Nunca soubemos o que aconteceu. Mas, logo após os horrores da II Guerra, o Olimpo resolveu espalhar suas maravilhas para um mundo suplicante por harmonia. E por esperança. Os deuses uniram-se aos homens, decididos, ao que parece, a ajudar-nos na descoberta de recompensas. Pareceu haver um propósito universal de romper com tristezas e, então, encontrar ou criar apenas alegrias. A bomba atômica despertou-nos a consciência de que viver poderia ser um instante. Pois qualquer governante louco, com um simples apertar de botões, exterminaria tudo. Era preciso, então, entender a Vida como bênção, privilégio e buscar fruir de seus encantos. Harmonizar-se com o plano da existência e, avidamente, sentir-se semelhante à e parte da natureza. Ser flor, ser passarinho, ser criança, ser ingênuo e malicioso ao mesmo tempo, amar sem tempo e lugar, contentar-se apenas com “um ranchinho e você, uma vela ao luar” – como cantavam Lucio Alves e Dick Farney.

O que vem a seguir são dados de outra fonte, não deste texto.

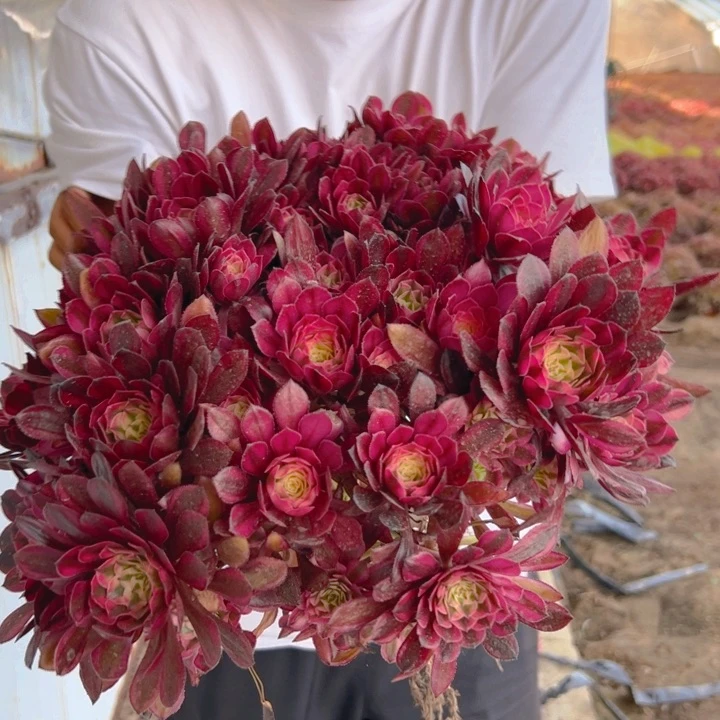 36.8红桐白一棵包邮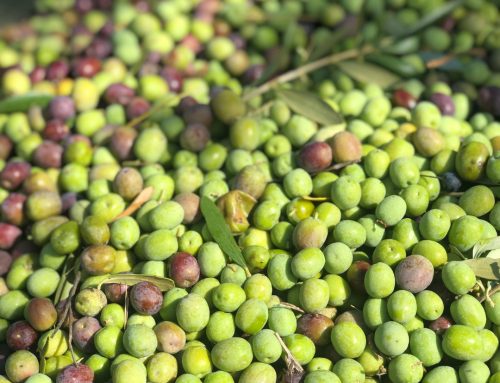 Cosecha 2025: El Arte del AOVE Español en su Máxima Expresión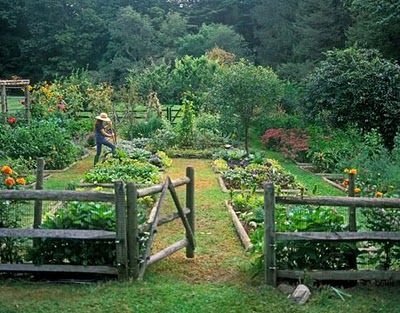 French Cottage Garden, Plantarea Legumelor, Potager Garden, The Secret Garden, Vegetable Garden Design, Garden Tours, Plants And Flowers, Garden Care, Perfect Garden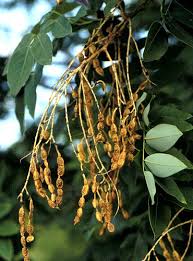 Image result for Styphnolobium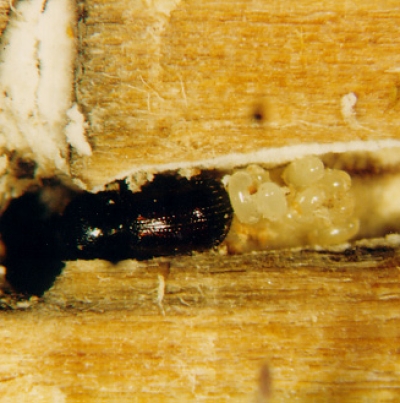  오리나무좀 성충과 알  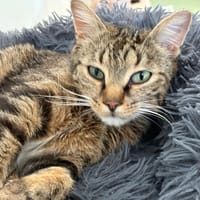 Tango, chat à adopter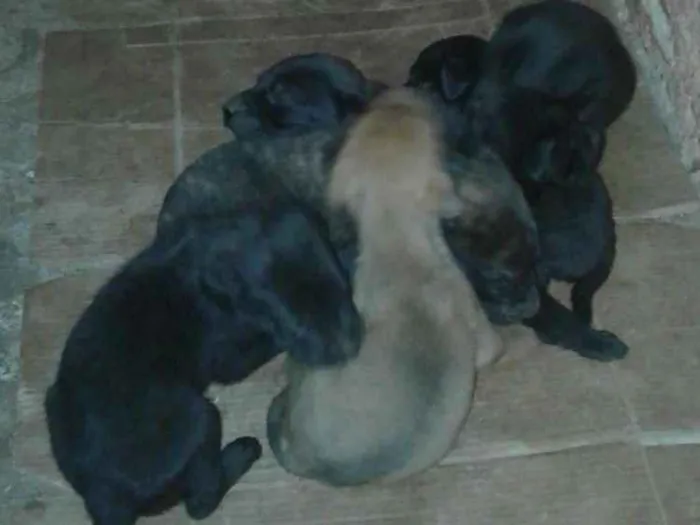 Cachorro ra a Vira lata  idade Abaixo de 2 meses nome Não tem nome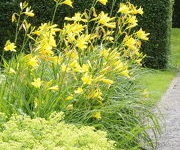 Hemerocallis 'Maikonigin'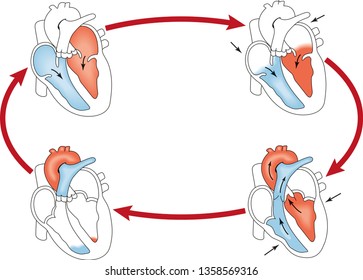 The Cardiac Cycle Vector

Mas – ai, o êxtase, o horror, o medo! – o homem chegou à Lua, pousando nela como um invasor. O júbilo pela conquista da ciência sombreou-se com o temor pela perda do mistério. Por que perturbar os “daimons” que, em nossos sonhos, habitavam a Lua? Por que descobrir fosse apenas lenda a luta de São Jorge contra o dragão? Chegar à Lua trouxe-nos a consciência de uma realidade assustadora: éramos capazes, sim, de conquistar o espaço. Logo, poderíamos ser deuses, por que não? E o mundo mudou.

Os deuses pagãos insistiram – mesmo diante da audácia alucinada dos terráqueos – em lançar sementes geradoras de almas e espíritos notáveis. Sem que percebêssemos eles criaram os “anos dourados”, precursores ou anunciadores dos terríveis anos de chumbo que viriam depois. E para ficar. No mundo, a terra germinou uma seara de humanos diferenciados, frutos de uma lavoura santa. A Igreja, com o anúncio de sua “Primavera” real, presenteou o mundo com Joao XXIII. John e Jacqueline Kennedy arejaram a Casa Branca com beleza, arte e esplendor, tentando reinventar a Camelot do Rei Arthur. Elvis Presley sacudiu as ancas convidando ao rompimento de tabus. Os meninos ingleses, Beatles, incendiaram todos os quadrantes com irreverências e sedução.

No Brasil, Juscelino anunciou o sonho e realizou-o: conquistar o Oeste, construir Brasília. Saíamos das cercanias dos litorais e mergulhávamos no mistério do cerrado e das florestas. Os deuses da música encarnaram em Vinicius, em Tom, em João Gilberto e, num toque novo de violão, surgiu a bossa nova. E, com ela, os corais de anjos ocuparam os corpos de Bethânia, de Elis, de Roberto, de Chico, de Gil, de Caetano. O Brasil assistiu a uma sinfonia que desgraçadamente foi interrompida. Mas que é tesouro aguardando herdeiros dignos.

E Piracicaba, nossa “Noiva da Colina”, que tentam transformar numa tola e artificial RMP? Piracicaba, com Luciano Guidotti, tornou-se, por duas vezes, a cidade de maior progresso do Brasil. Fomos campeões mundiais de basquete, feminino e masculino, gratos aos nossos deuses da bola: Maria Helena, Heleninha, Wlamir, Pecente. E a De Sordi e Mazzola, o nosso Cuica que conquistou o mundo. Encantamos o mundo com nossa Escola de Música e a ESALQ revelou como se deve tratar a Terra com grandeza e sabedoria. O capiauzinho Nhô Quim conquistou os corações brasileiros. E a caipirinha, aqui nascida, foi eleita o verdadeiro aperitivo nacional. A mediocridade não tinha espaço para se impor. Era apenas medíocre. E nada mais.

O que houve? Os deuses cansaram-se ou foram expulsos por uma geração desinteressada?